* Task description: Starting at the line with "Corporate 540 —" and going on through the line with "Малък домашен проектор", reproduce each line in the records below exactly and nothing more.

* Source data:
════════

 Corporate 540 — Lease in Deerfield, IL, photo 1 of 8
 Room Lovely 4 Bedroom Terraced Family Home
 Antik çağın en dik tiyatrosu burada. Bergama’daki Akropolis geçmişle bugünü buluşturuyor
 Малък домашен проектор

════════

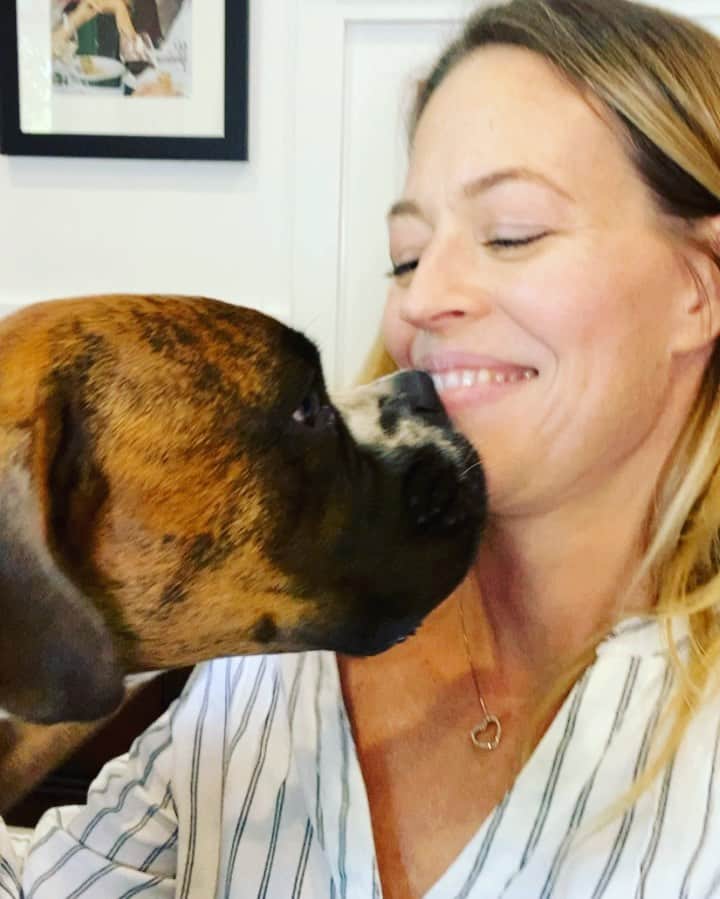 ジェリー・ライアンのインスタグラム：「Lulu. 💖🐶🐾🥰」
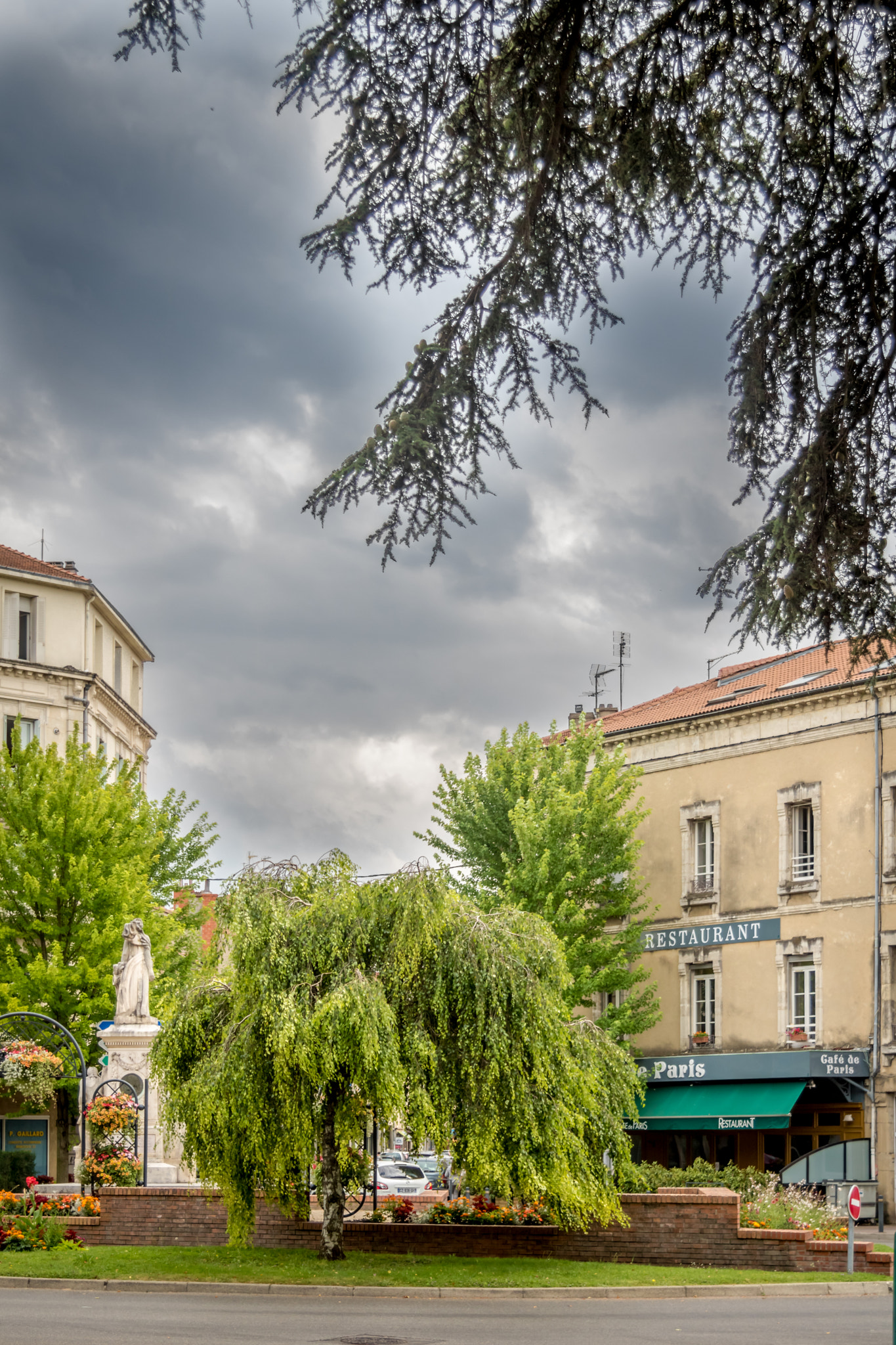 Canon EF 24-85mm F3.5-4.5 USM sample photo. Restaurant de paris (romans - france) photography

════════

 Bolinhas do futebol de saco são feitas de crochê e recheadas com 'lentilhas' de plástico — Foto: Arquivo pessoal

════════

* Result of the task:
 Corporate 540 — Lease in Deerfield, IL, photo 1 of 8
 Room Lovely 4 Bedroom Terraced Family Home
 Antik çağın en dik tiyatrosu burada. Bergama’daki Akropolis geçmişle bugünü buluşturuyor
 Малък домашен проектор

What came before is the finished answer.